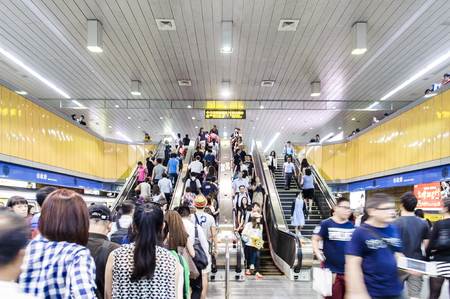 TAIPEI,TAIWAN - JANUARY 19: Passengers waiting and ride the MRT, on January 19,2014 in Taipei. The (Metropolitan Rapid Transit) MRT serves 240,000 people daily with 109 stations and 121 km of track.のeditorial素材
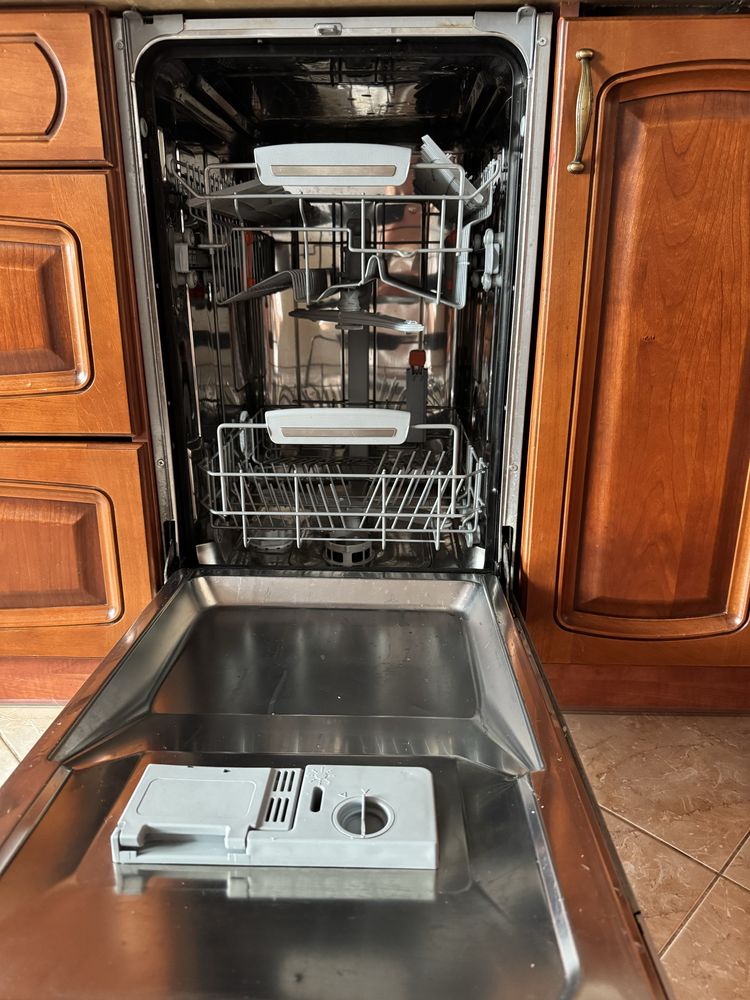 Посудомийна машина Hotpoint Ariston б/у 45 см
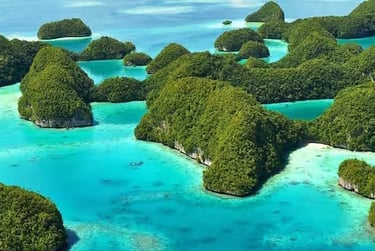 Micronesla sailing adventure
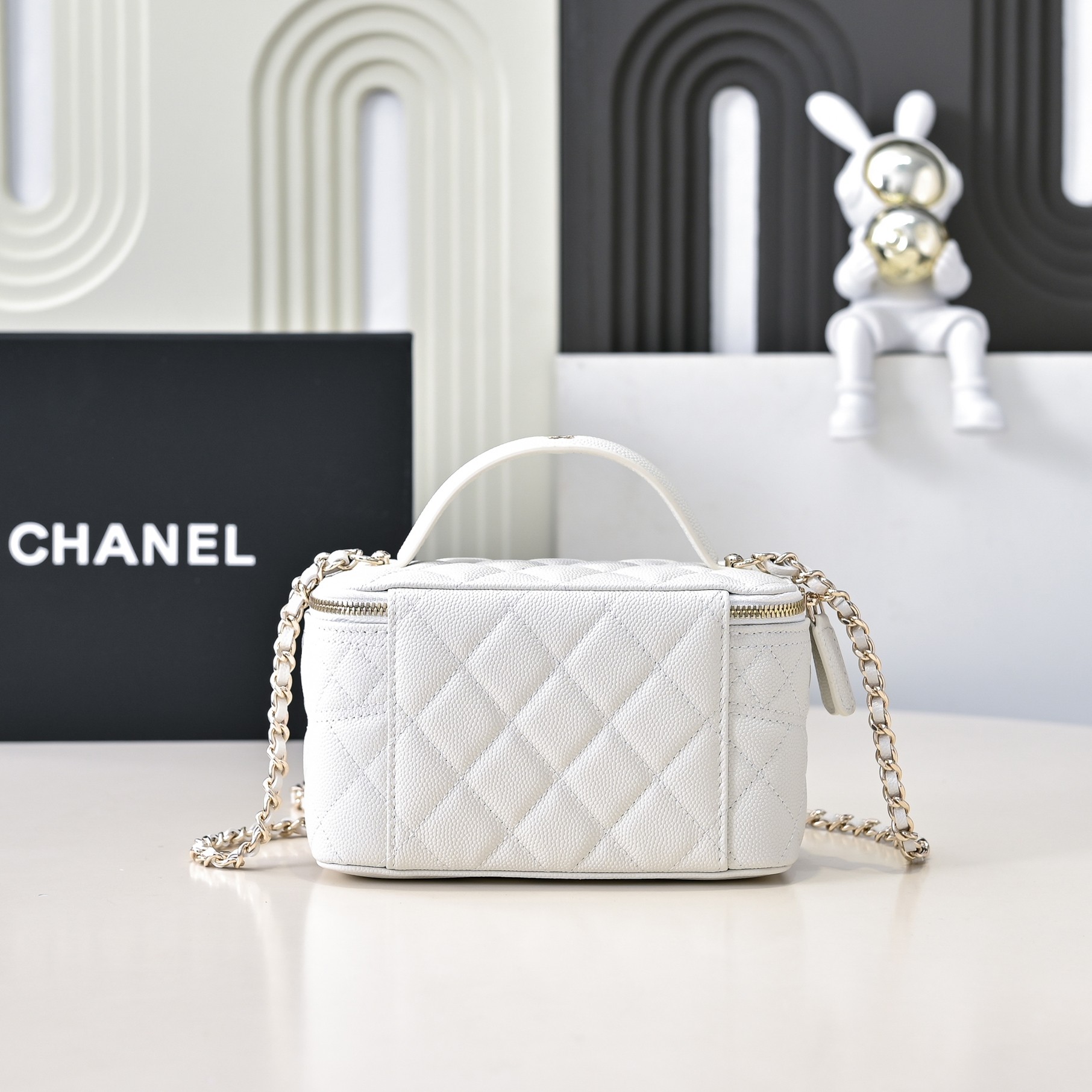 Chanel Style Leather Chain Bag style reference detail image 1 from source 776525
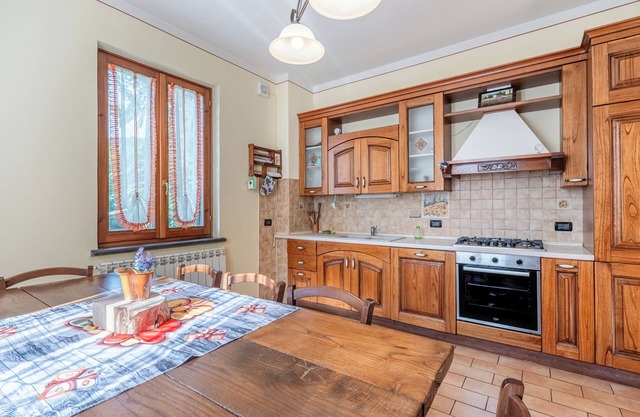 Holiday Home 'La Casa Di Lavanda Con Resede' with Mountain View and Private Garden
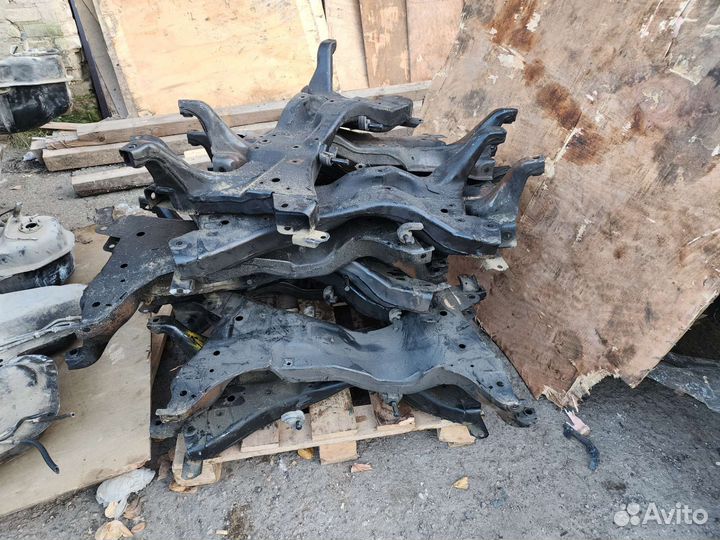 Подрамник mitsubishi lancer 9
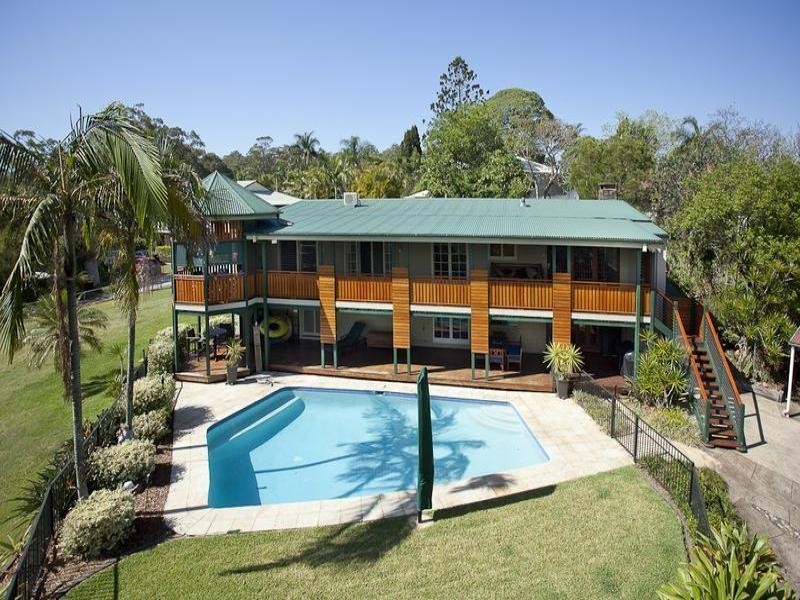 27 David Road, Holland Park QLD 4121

# # #

[What you will do]
Take the line that contains "Подрамник mitsubishi lancer 9" as the first and the last line of the records as the end, and please quote those lines exactly, pictures omitted.

[Solution to this problem]
 Подрамник mitsubishi lancer 9
 27 David Road, Holland Park QLD 4121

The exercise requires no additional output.